__RECORDS FOR THE EXERCISE__:

+ + + +

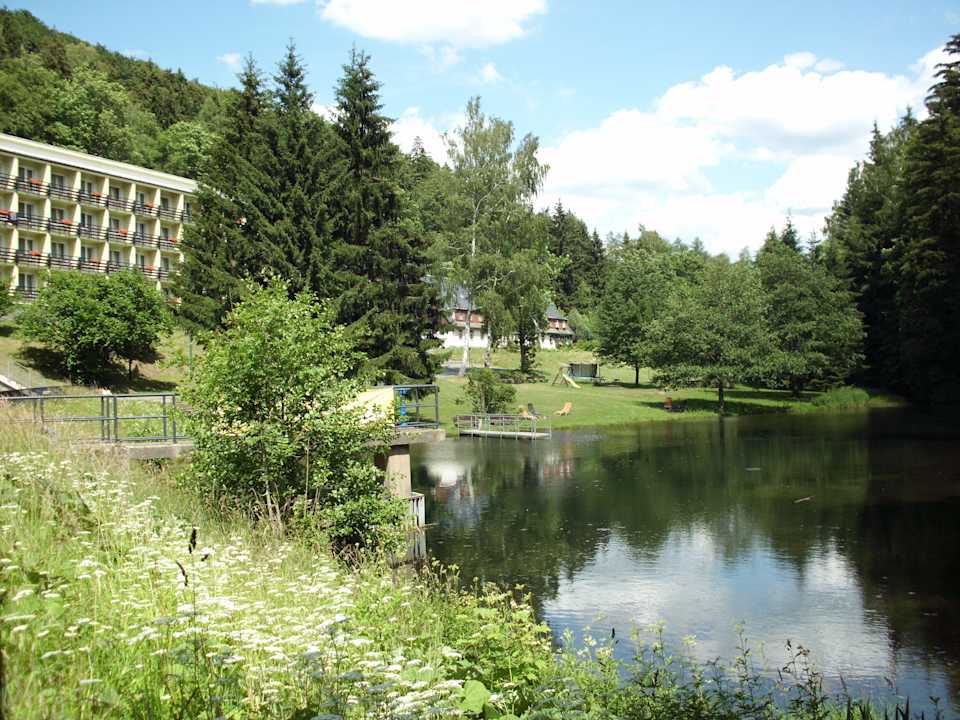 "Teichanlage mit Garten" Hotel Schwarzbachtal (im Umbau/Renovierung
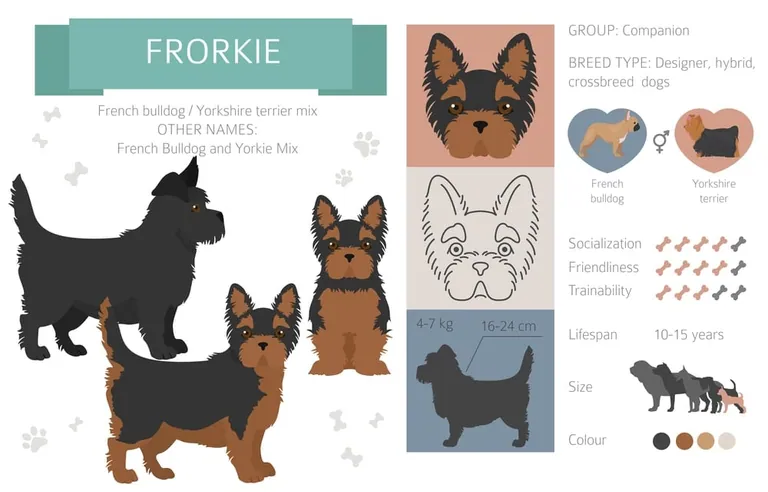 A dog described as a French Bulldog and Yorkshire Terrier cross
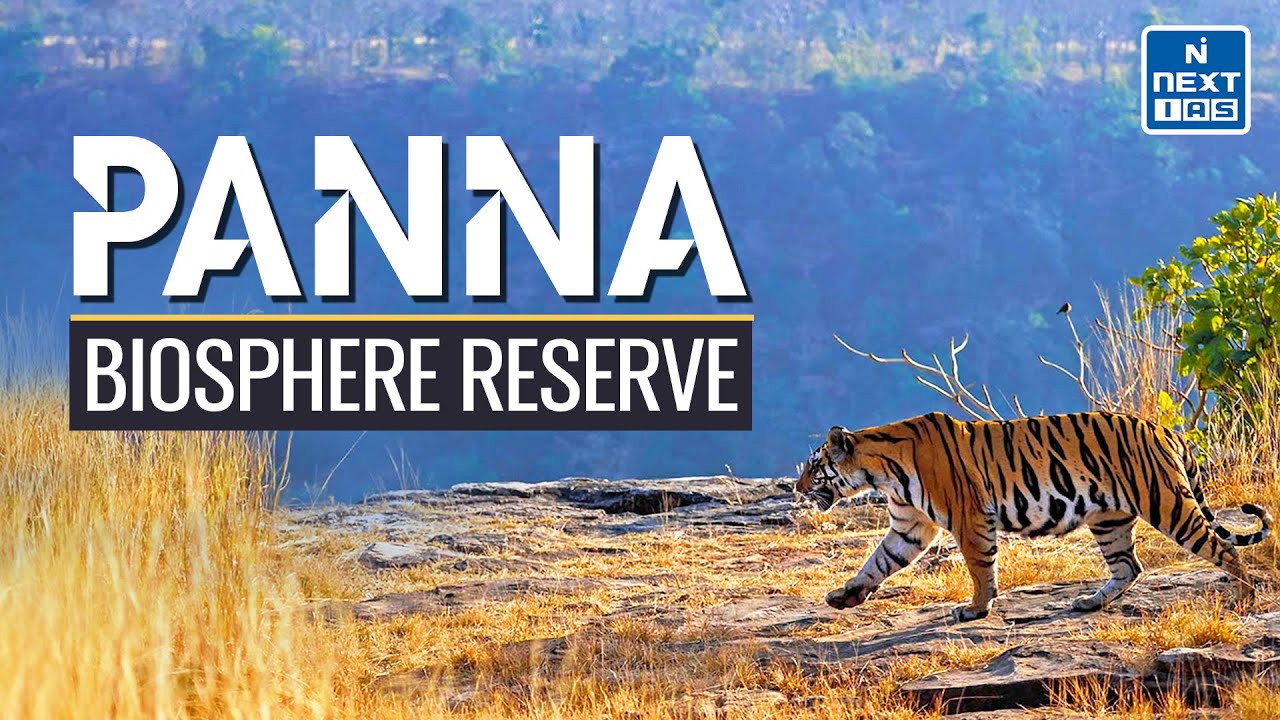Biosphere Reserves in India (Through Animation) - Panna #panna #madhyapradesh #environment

+ + + +

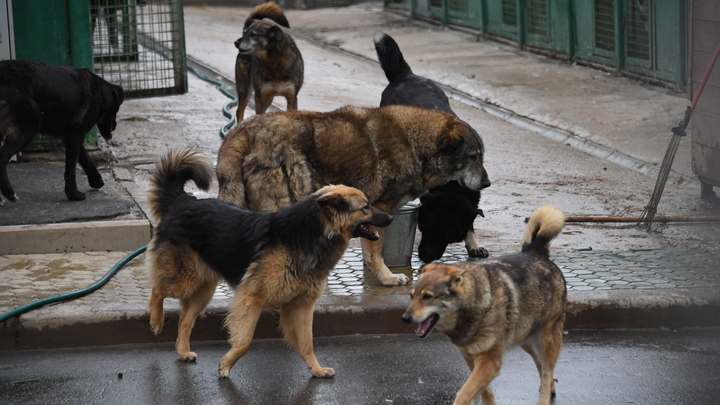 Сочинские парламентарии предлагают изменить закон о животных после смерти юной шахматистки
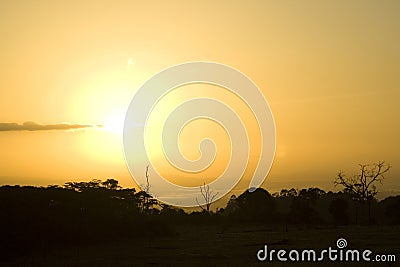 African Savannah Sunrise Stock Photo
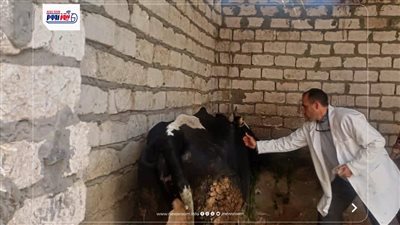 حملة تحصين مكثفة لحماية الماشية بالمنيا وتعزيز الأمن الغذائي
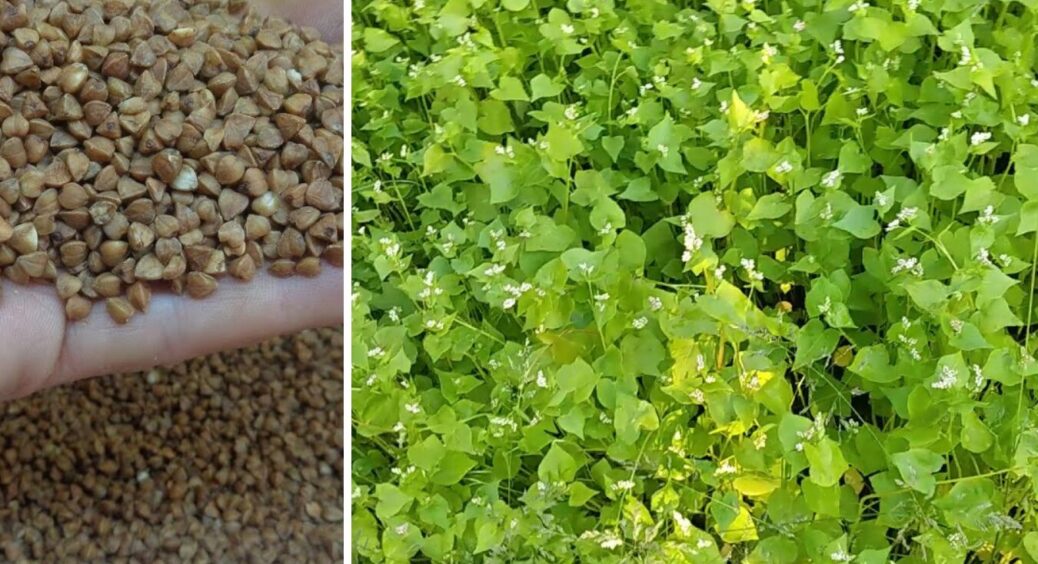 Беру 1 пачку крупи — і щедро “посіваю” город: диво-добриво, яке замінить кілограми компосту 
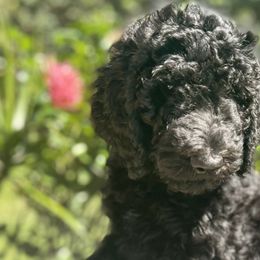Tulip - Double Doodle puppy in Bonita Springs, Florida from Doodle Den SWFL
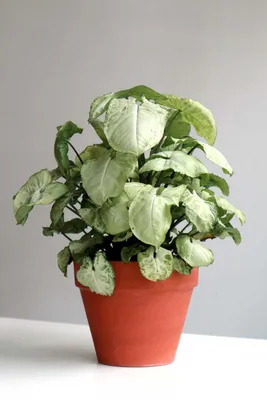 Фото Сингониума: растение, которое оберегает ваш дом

+ + + +

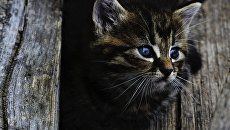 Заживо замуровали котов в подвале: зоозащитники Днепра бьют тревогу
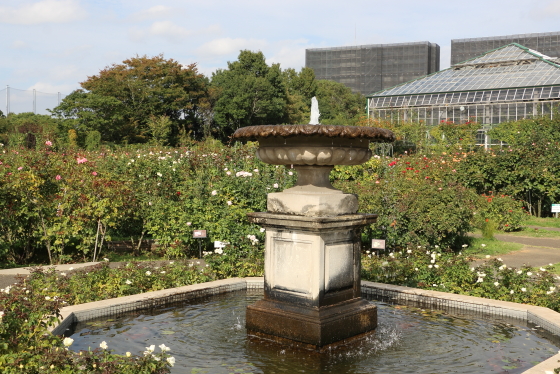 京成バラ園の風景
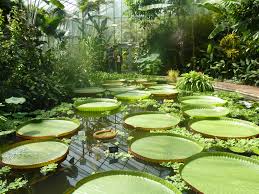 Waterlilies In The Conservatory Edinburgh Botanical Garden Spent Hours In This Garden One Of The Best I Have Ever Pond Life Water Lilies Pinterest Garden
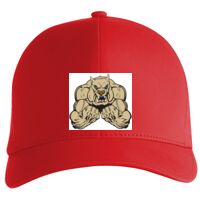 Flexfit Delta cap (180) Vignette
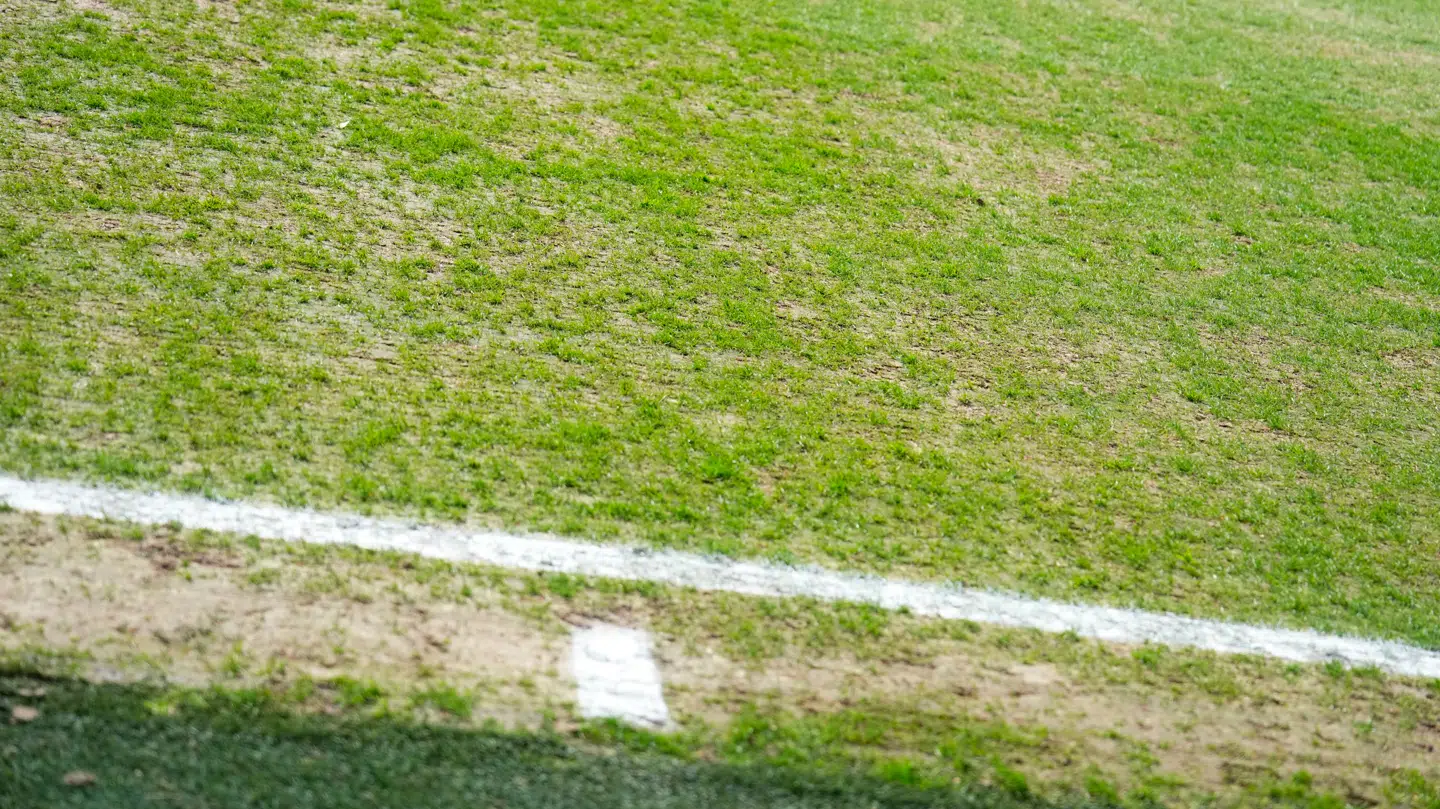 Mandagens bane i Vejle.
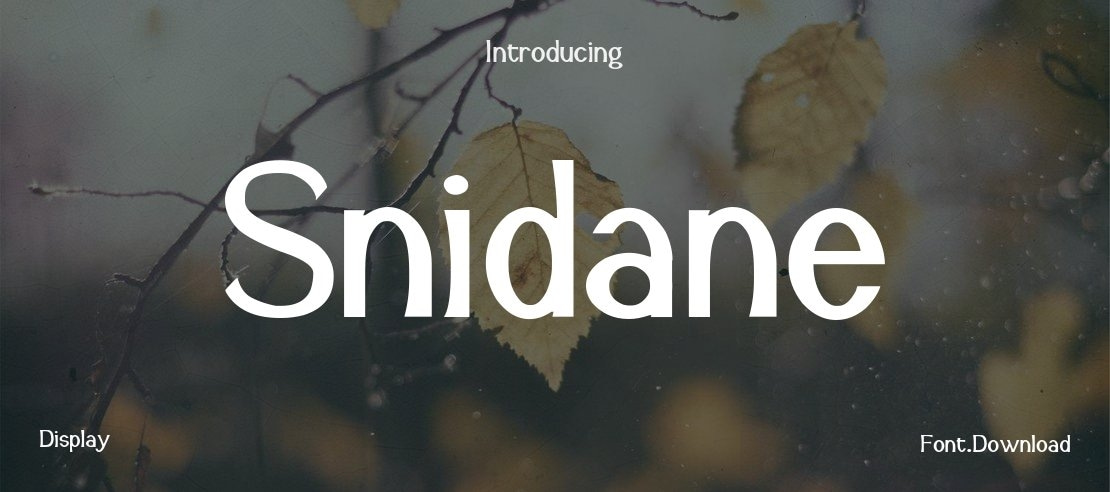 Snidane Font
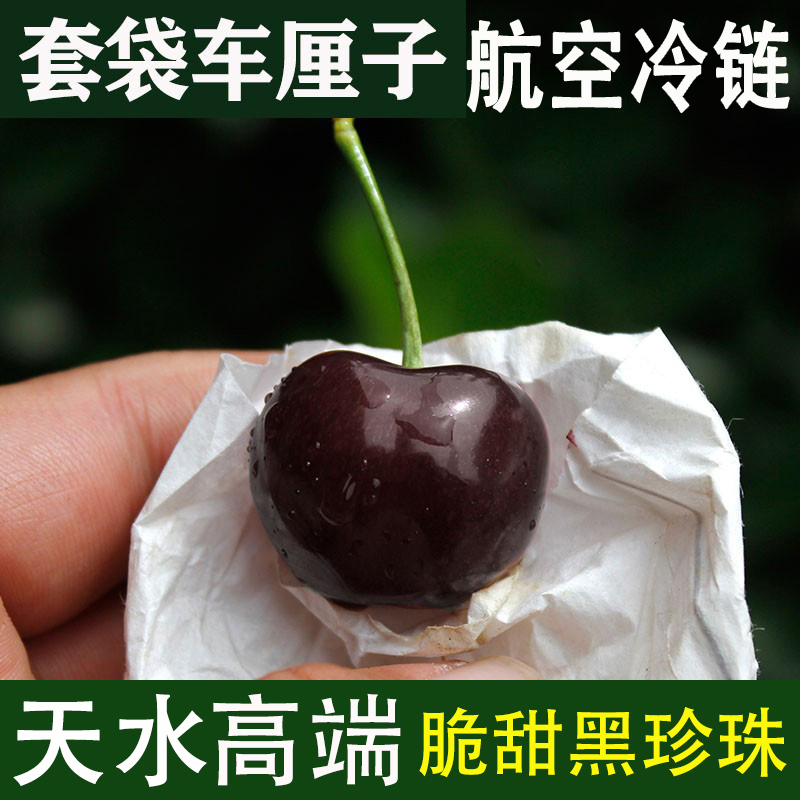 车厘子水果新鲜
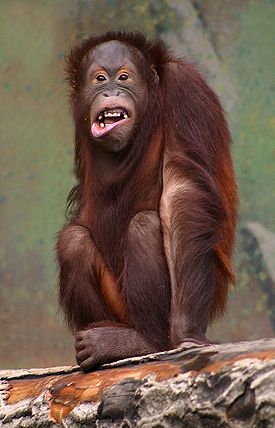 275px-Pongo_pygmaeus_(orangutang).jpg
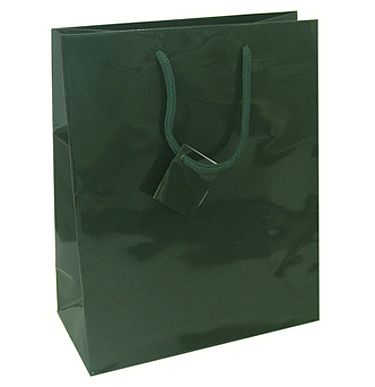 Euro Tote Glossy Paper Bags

+ + + +

__ACTIVITY__:
Look through the material above. Transcribe exactly the lines between the ones with "Tulip - Double" and "Фото Сингониума: растение, которое", inclusive, and keep pictures out.

__ANSWER BOX__:
Tulip - Double Doodle puppy in Bonita Springs, Florida from Doodle Den SWFL
 Фото Сингониума: растение, которое оберегает ваш дом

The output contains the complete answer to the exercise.